Adobe CEO Shantanu Narayen at Adobe MAX 2017 in October 2017 in Las Vegas. Source: Isaac Brekken/AP Images for Adobe
Adobe CEO Shantanu Narayen at Adobe MAX 2017 in October 2017 in Las Vegas. Source: Isaac Brekken/AP Images for Adobe

Adobe (ADBE) cemented its name years ago as the force behind the ubiquitous Portable Document Format (PDF) and the popular photo editing software Photoshop, but its most promising business now is a suite of marketing and advertising tools helping businesses make sense of and use their data to reach customers.

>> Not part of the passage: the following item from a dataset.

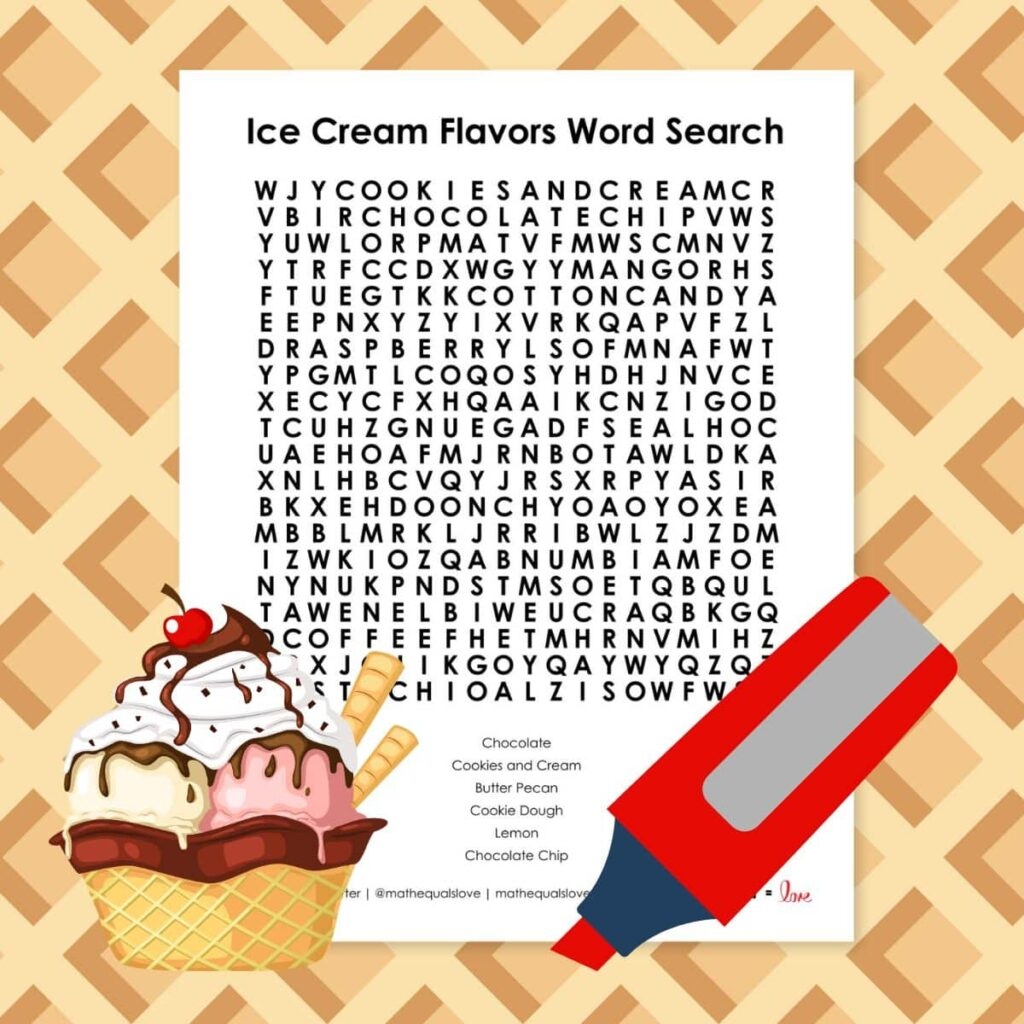 Ice Cream Flavors Word Search Puzzle Free PDF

Since Adobe officially rolled out its suite of cloud-based marketing tools 12 months ago, its Experience Cloud business has been booming. On Monday, the company announced it was bringing its marketing tools to China in a partnership with Microsoft (MSFT). That comes on the heels of strong earnings results for the unit. During Adobe’s fiscal first quarter 2018, the Experience Cloud, or Digital Experience, segment reported $554 million in revenue. And the company projects a 15% year-over-year growth for fiscal second quarter, driven by thousands of business clients, such as Ford (F), T. Rowe Price (TROW) and the NFL.

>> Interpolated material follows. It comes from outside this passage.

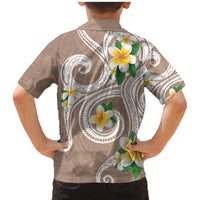 Kanaka Maoli Hawaii Plumeria Family Matching Mermaid Dress and Hawaiian Shirt Dancing Tentacles Beige Style LT7 - Polynesian Pride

According to research firm Gartner, Digital Experience has made Adobe one of the leaders in a crowded market that includes IBM (IBM), Oracle (ORCL), Salesforce (CRM), and SAP (SAP). So, perhaps it’s little surprise Wall Street is loving the stock right now, which has climbed more than 75% over the past year alone.

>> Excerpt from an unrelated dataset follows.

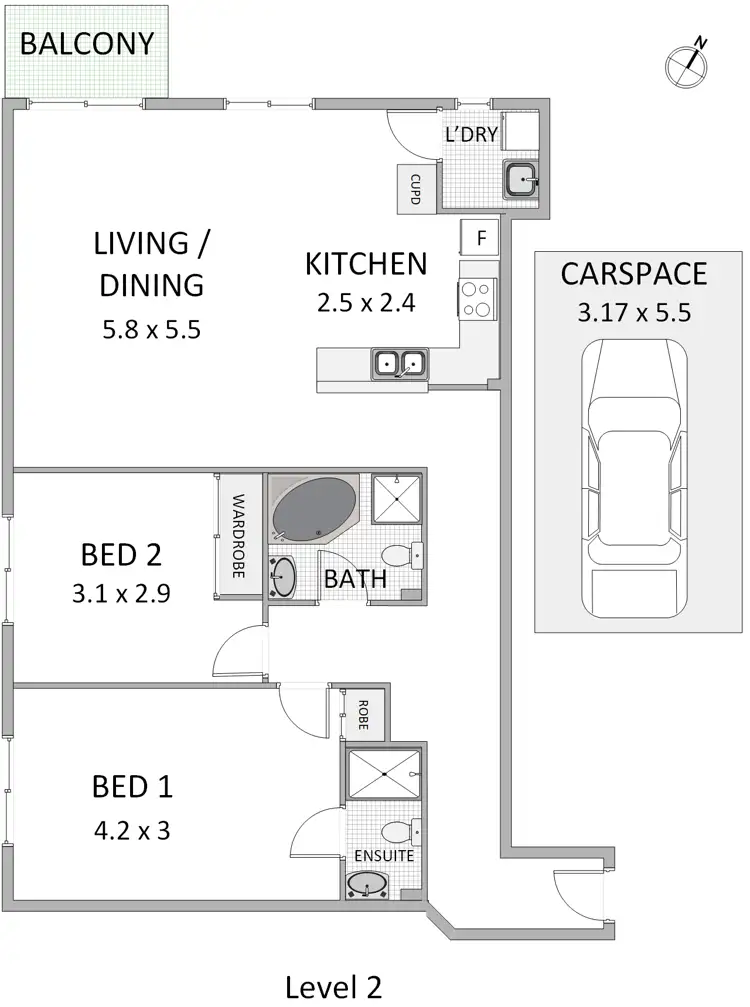 Floorplan of Homely unit listing, 15/1-3 Byer Street, Enfield NSW 2136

In the quickly growing digital experience market, which includes Adobe’s comprehensive Experience Cloud suite of products, Adobe is considered one of the foremost leaders. Source: Gartner
In the quickly growing digital experience market, which includes Adobe’s comprehensive Experience Cloud suite of products, Adobe is considered one of the foremost leaders. Source: Gartner

“What frustrates marketers right now is they spend 75% of their meetings trying to reconcile the different data that they get from their different systems,” explained Brad Rencher, Adobe’s executive vice president and general manager of Experience Cloud. “‘So what does your data say? Well, my data says this,’ and you spend your time arguing about data versus focusing on your customer. So the way that we’re building these things is to build a tightly integrated system.”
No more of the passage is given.